Oleh: Elfa Suharti Harahap. Mengenal Laskar Pelangi, berarti mengenal Bangka Belitung. Keindahan alamnya membuat siapa saja menaruh iri. Dikenal sebagai pantai berpasir putih dan memiliki batu- batu granit besar, dimana Ikal dan teman- temannya bermain riang saling kejar mengejar. Begitulah gambaran yang ditunjukkan Riri Riza sebagai sang sutradara kawakan.
Lewat film ini pula, Kepulauan Bangka Belitung yang terletak di bagian timur Pulau Sumatera, dekat dengan Provinsi Sumatera Selatan ini menjadi tersohor. Wisatawan yang berkunjung ke provinsi Bangka Belitung meningkat hingga 800 persen semenjak film Laskar Pelangi di tayangkan. Tentu ini menjadi potensi besar untuk memajukan pariwisata di Indonesia.

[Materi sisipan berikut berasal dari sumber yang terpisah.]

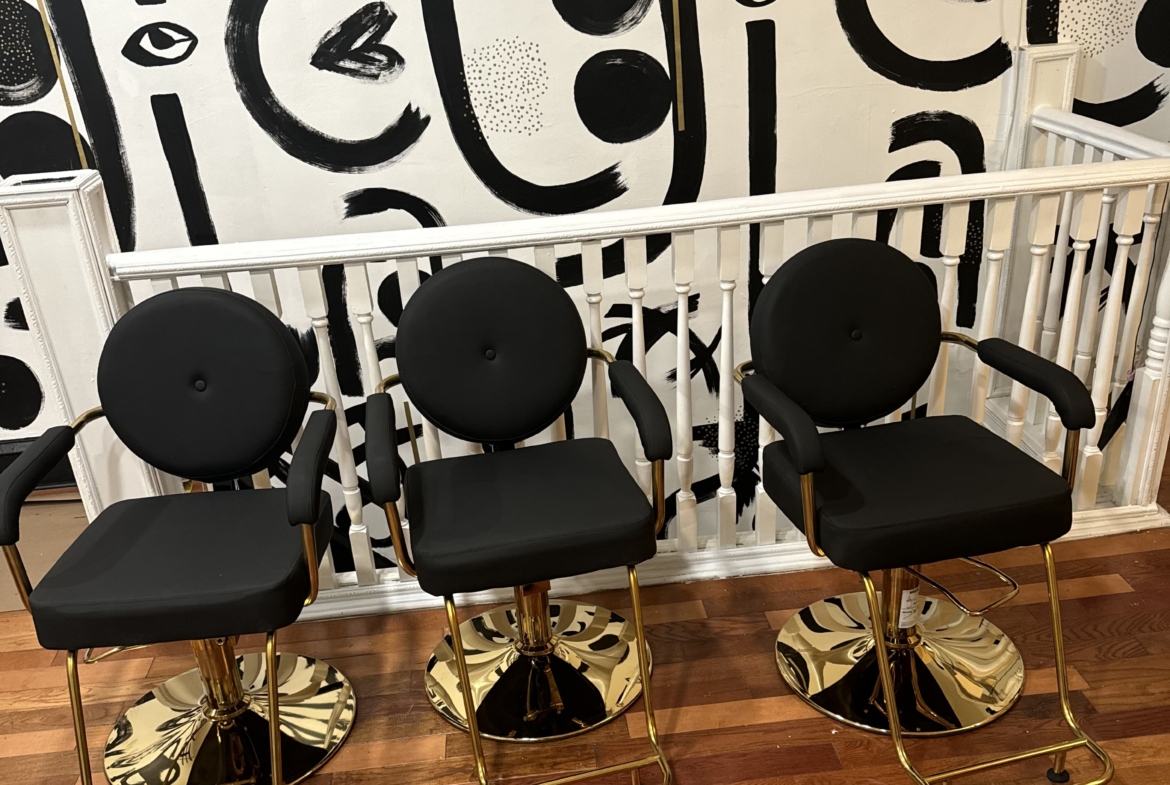 Modern black salon chairs with gold accents in a trendy salon waiting area.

Sedikit ulasan tentang Bangka Belitung diatas bukan tidak memiliki tujuan. Batu granit besar dengan pasir putih tidak hanya ada di pulau yang sering disingkat dengan Babel tersebut. Ya, Laskar Pelangi tidak hanya ada di Bangka Belitung! Masih diseputaran Sumatera. Tepatnya di Sumatera Utara (Sumut). Pulau yang dimaksud biasa disebut sebagai Pulau Pandang. Letaknya di Selat Malaka, di sebelah Utara Kecamatan Tanjung Tiram, Desa Bogak, Kabupaten Batubara. Kurang lebih lima jam dari Kota Medan.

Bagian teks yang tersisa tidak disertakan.